当然,在纠偏过程中出现了未能掌握好尺度和分寸的问题。有的人以偏概全、批评过重,“似乎只有把毛主席的缺点错误讲得越多、越大,才算思想解放”③;有的人秉持类似于后来的1980年“四千人大讨论”中的看法即“文革”以前的错误和“文革”中的错误,统一由毛泽东一个人负责;有的人甚至主张《决议》里干脆不要写毛泽东思想这一部分,不要提毛泽东思想④;有的人公开宣扬毛泽东的错误并非“片言只字”“微不足道”,“引起一些维护毛泽东形象的人的很大震动”⑤;有的人以中共八大没有再提毛泽东思想为由,要求今后一律以“马克思主义普遍原理与中国具体实际相结合”来代替毛泽东思想这一提法。更为严重的是,原本纯属学术探讨的问题引发政治危机,会上一些过激言论客观上是对会外资产阶级自由化思潮、国外敌对势力西化与分化图谋“直接间接地加以某种程度的支持”⑥。会内会外错误思潮相呼应,形成一种“要连根拔掉毛泽东思想”的极端错误倾向。某些与会代表的一些偏激言论一方面使部分老同志和地方干部对务虚会产生了消极的看法,如1979年5月7日,陈永贵在山西大寨同36位县委委员和公社书记谈道:“在理论务虚会上反映的问题不少。全國人民看清了他们在干什么,而且也不答应他们反对毛泽东主席。这是大问题。”⑦似乎“乱子是务虚会的这帮秀才闹出来的”,务虚会“闯了祸”,“带来了坏事”。⑧这引起邓小平的忧虑和警觉。1979年3月30日,他及时干预,避免思想理论界偏离轨道,防止解放思想脱离实际。邓小平在会上关于“坚持四项基本原则”⑨的讲话实质上是划定红线、声明边界,成为务虚会“最重要的成果”,成为会上“最为重大的事情”①,“使得整个会议开得相当完满了”②。思想理论工作者解放思想、与时俱进,力求把历史问题谈透,这是值得肯定的,但这不等于就是把错误讲多、夸大。在批评毛泽东的缺点和晚年错误时要着眼宏观全局,既要实事求是,也要恰如其分,着眼于坚决维护毛泽东和毛泽东思想崇高地位。正如彭真在务虚会后不久的中央工作会议上所说:“展望将来,我们应该举什么旗帜呢?如果我们放弃了毛泽东思想,不高举毛泽东思想旗帜,我们高举什么旗帜呢?……我们必须坚持高举毛泽东思想旗帜。否则,必然造成全党全军全国各族人民的思想和整个革命阵线的混乱,使亲者痛,仇者快。”③彭冲谈道:“毛主席代表了一个时代,代表了党的历史。离开了这面旗帜,谈中国共产党,谈中国革命,也就无从谈起。如果在这样严肃的问题上不慎重,就会引起一系列的混乱。”④即是说,毛泽东思想并非仅仅事关毛泽东个人荣誉,更与新民主主义革命的合法性、中国共产党执政地位的合法性休戚相关。此外,放弃毛泽东思想的历史地位和指导作用,等于亲手撕毁马克思主义伟大旗帜,不但会给中国的社会主义现代化建设带来深重灾难,而且会给国际共产主义事业带来严重危害。习近平在十八届中央政治局第一次集体学习时讲到“马克思列宁主义、毛泽东思想一定不能丢,丢了就丧失根本”⑤;在“不忘初心、牢记使命”主题教育总结大会上要求“坚决同一切可能动摇党的根基、阻碍党的事业的现象作斗争”⑥。毛泽东思想作为中国共产党的“四梁八柱”之一,改变了中国的历史并将继续影响着中国的历史。
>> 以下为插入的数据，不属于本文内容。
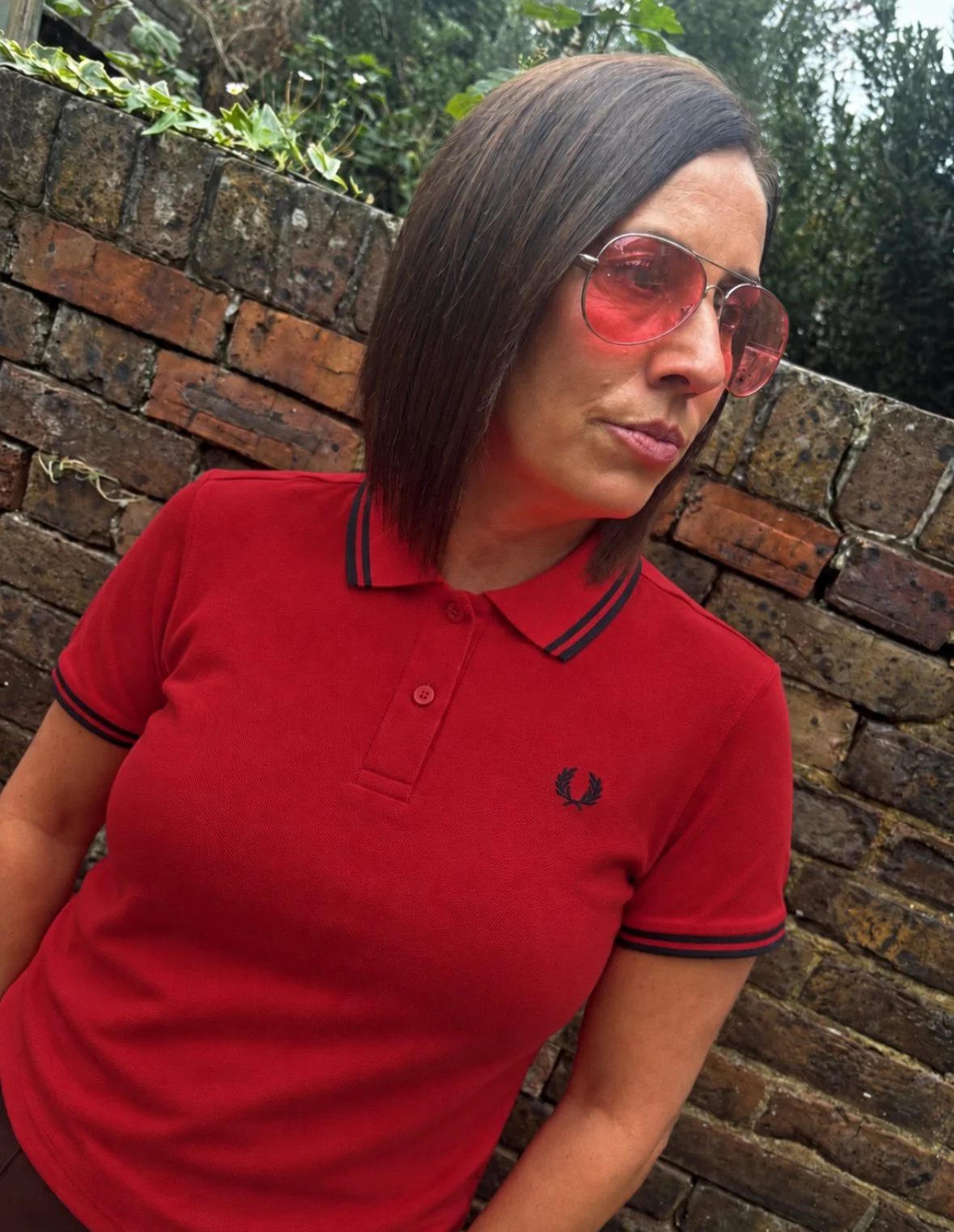 FRED PERRY Twin-Tipped Polo- RED ROSE/NAVY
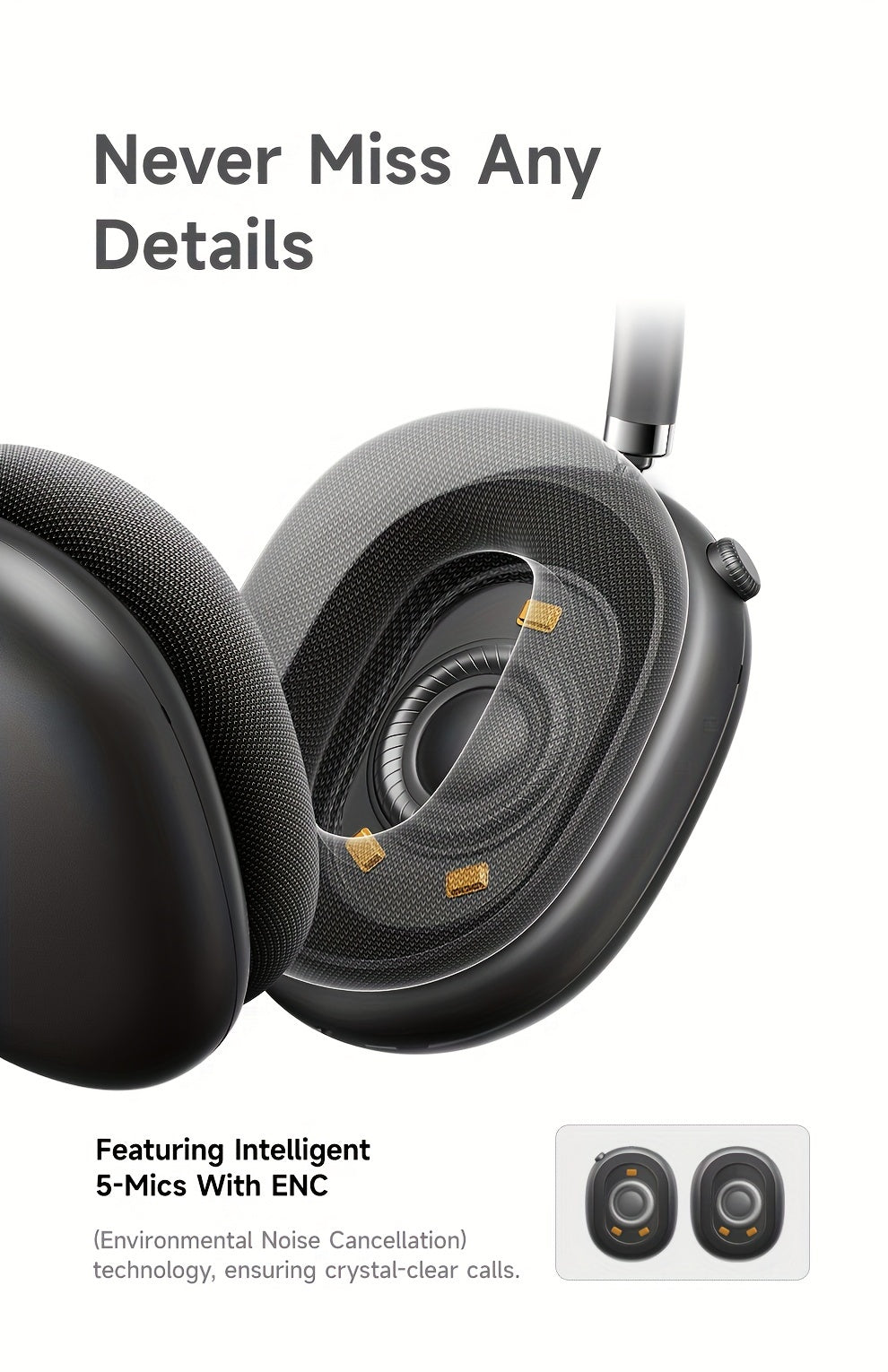 Auriculares Bluetooth | Auriculares híbridos con cancelación activa de ruido Picun con múltiples modos, auriculares inalámbricos supraaurales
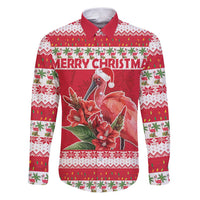 Personalized Trinidad and Tobago Christmas Family Matching Puletasi and Hawaiian Shirt Scarlet Ibis with Chaconia Flowers - Wonder Print Shop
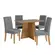 Sala de Jantar Kappesberg Mesa Retangular com 4 Cadeiras Cinza
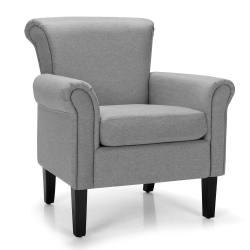 COSTWAY Modern Upholstered Fabric Accent Chair W/ Rubber Wood Legs Dark /light In Gray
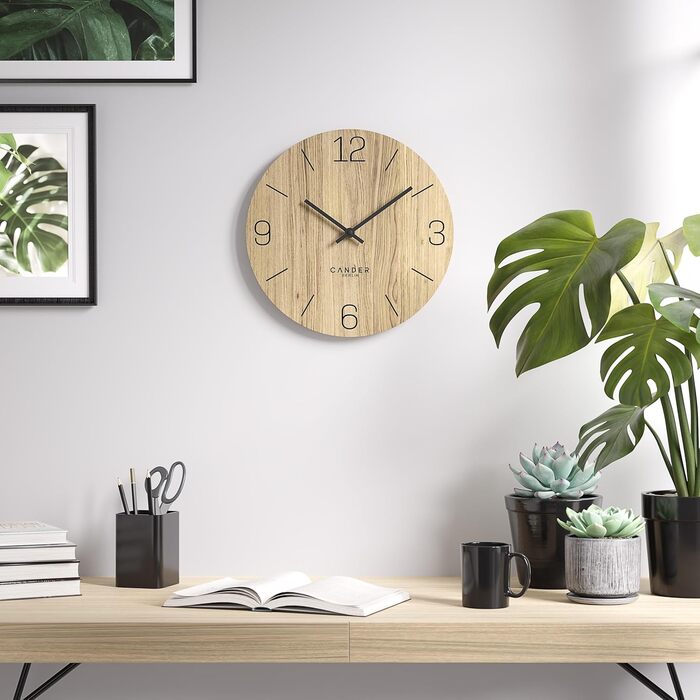 Cander Berlin MNU 2725 D Wall Clock Wood Silent 25 cm Modern Oak Veneer Vintage No Ticking Sounds Kitchen Living Room Analog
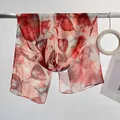 Lightweight sheer long scarf featuring a vintage reddish-brown leaf print and silk texture - Red and Yellow Leaf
对毛泽东和毛泽东思想的评价本身有其复杂性和内在矛盾性。理论探讨不但与公开宣传不同,也与政治评价有区别。马克思说过:“理论只要说服人,就能掌握群众;而理论只要彻底,就能说服人。”⑦需要“说服人”的学术理论追求绝对性和彻底性,着眼未来,强调独立思考和客观理性;现实政治则要求相对性和平衡性,立足当下,是统筹兼顾、协调各方的艺术。思想理论工作者群体追求是非的明确和分析的透彻,而高层政治领导人立足政治大局和安定团结,因而在评价问题上存在科学性与政治性的一定差异。正因为对毛泽东和毛泽东思想作出结论的《决议》本质上是一个政治决议,全面科学评价只是其中一部分,所以《决议》通过后尽管中共中央反复重申其精神实质,但学界、民间仍然对《决议》已然作出决断的问题继续开展讨论。肯定和否定的声音至今存在并可能长期存在。